Among local citizens, opinion about Amazon seems to be split. Some former employees writing to the Kreis Anzeiger, a local newspaper, complained of an unpleasant work atmosphere and extreme pressure to produce.
But one, who said he had worked 12 years for the company, disagreed. “The work climate was and is always good,” he wrote, “and the co-workers as well as the lead managers are fine.”
For all its digital efficiencies, online commerce can be labor intensive. The German operation offers a mind-boggling assortment of products that besides clothing, sporting goods and home electronics includes more than 50 varieties of fondue sets. The products are fetched from storage racks by workers known as pickers, who may cover miles on foot in the course of a workday.
Customer orders are packed largely by hand, with productivity of individual employees closely monitored by software on the hand-held scanners workers use, and other means. “Feedback” sessions are held for those deemed insufficiently swift.
“Our intent is not to spy with electronics, or to monitor with electronics in a punitive way,” Mr. Clark said. “We do expect our employees to perform.”
Amazon’s relentless focus on efficiency enables it to deliver most products the next day and often beat competitors on price. Neckermann, once among the largest catalog retailers in Germany, became insolvent last year in part because it was unable to compete successfully with Amazon online.
A taxi driver in Bad Hersfeld, who did not want to be quoted by name because a close relative is still employed by Amazon, said he had worked as a picker one Christmas season and found the work demanding but not unreasonably so.
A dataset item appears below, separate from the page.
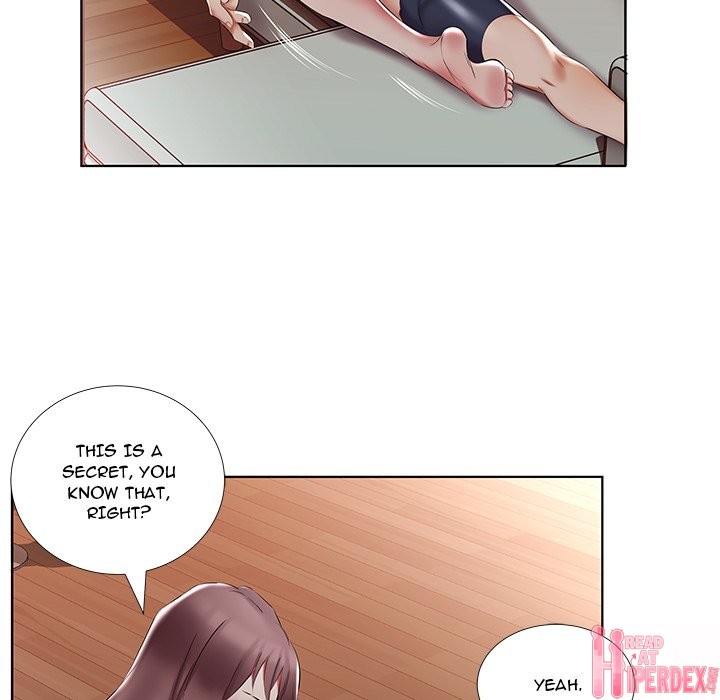 Sweet Guilty Love chapter 44 page 77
It was less stressful than driving a taxi, he said.
Mr. Fehling, the mayor, frames things in business terms. “If you want a comfortable job, Amazon is definitely not for you,” he said. “Amazon is a performance-oriented company. Amazon is successful because people want those products and they want those prices.”
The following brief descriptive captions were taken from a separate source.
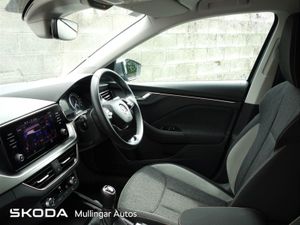 Skoda Scala STY 1.0tsi 110HP - Image 4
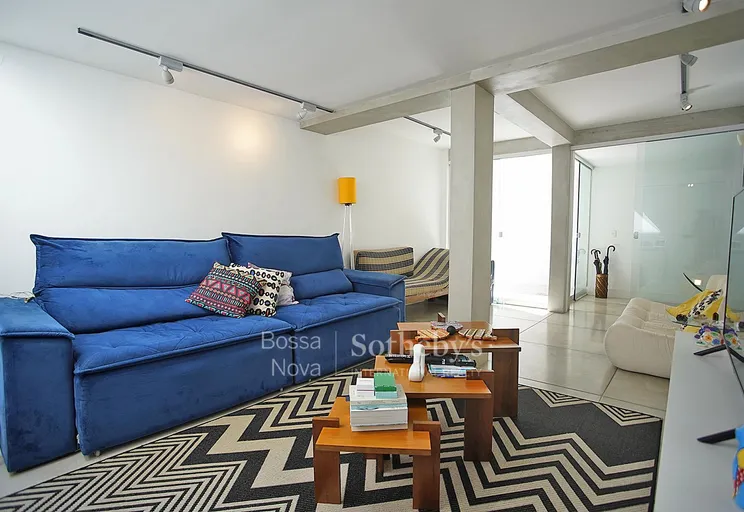 Sala de TV - Imagem 28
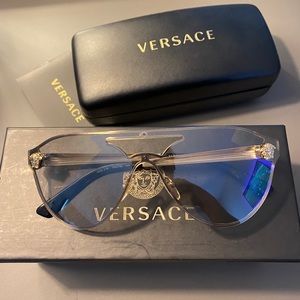 Versace sunglasses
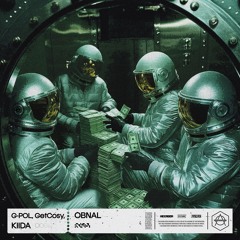 G-POL, GetCosy, KIIDA - OBNAL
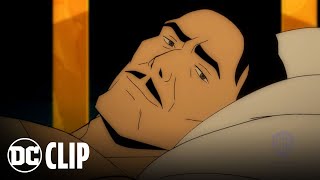 Batman: The Long Halloween, Part Two előzetes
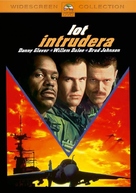 Flight Of The Intruder - Polish DVD movie cover (xs thumbnail)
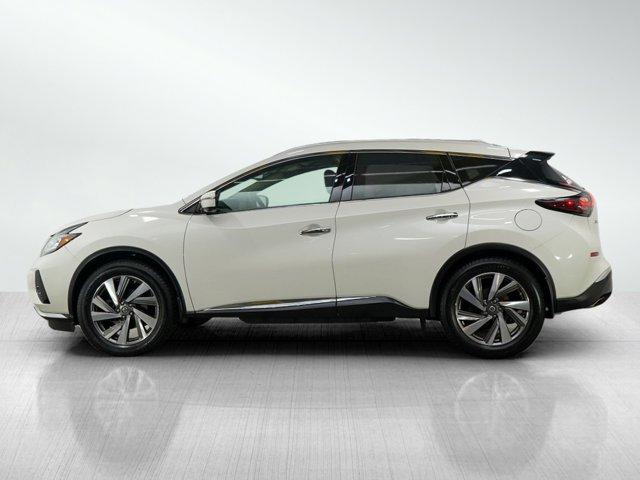 used 2019 Nissan Murano car, priced at $16,000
There is no sign yet that the controversy stirred by the documentary is cooling.
Peer Steinbrück, leader of the Social Democrats, the largest party challenging Ms. Merkel’s governing coalition, has recorded a video message in support of the online petition drive calling on Amazon to negotiate with the union.
“A strong company like Amazon doesn’t need to use poor working conditions to create a competitive advantage,” Mr. Steinbrück says in the video. He promises that, if elected, he will tighten rules governing temporary workers.
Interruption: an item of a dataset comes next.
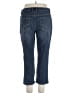 a.n.a. A New Approach Blue Jeans Size 16 - photo 2
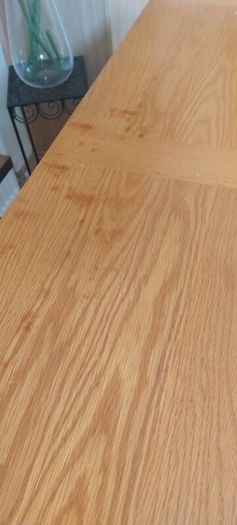 sideboard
But Mr. Clark of Amazon said a union contract would not allow the company to pursue what it considers an innovative compensation system, which includes stock bonuses for all workers.
Amazon’s policy of neither confronting nor engaging with the union was evident on Thursday, when the small group of ver.di organizers, including Mr. Reimann and Mr. Sauer with his Jeff Bezos prop, gathered outside the gates to one of Amazon’s distribution centers on a hillside outside Bad Hersfeld.
They had come to present 37,000 signatures gathered online. The activists were far outnumbered by reporters and camera crews, drawn by the prospect of a telegenic confrontation with management. But Amazon, it soon became clear, had decided to defuse the moment.
Mr. Reimann pressed a buzzer next to the security gate. When a voice over the intercom asked who was calling, he demanded to be admitted to deliver the signatures.
Unexpectedly, the gate opened, and Mr. Reimann and the other ver.di activists tramped across an enclosed metal bridge, trailed by journalists.
They were met inside by a trio of friendly receptionists, who cheerily issued visitor passes to everyone. Nearby, a table was piled with bananas and a sign, “Amazon Fruit Day.”
As Mr. Reimann gave interviews to television reporters, photographers snapped Amazon workers on their way to a nearby cafeteria.
But soon came word: No Amazon officials would be meeting with Mr. Reimann’s group this day. So the activists handed their box of signatures to the ever-beaming receptionists, and everyone left.
Melissa Eddy contributed reporting from Berlin.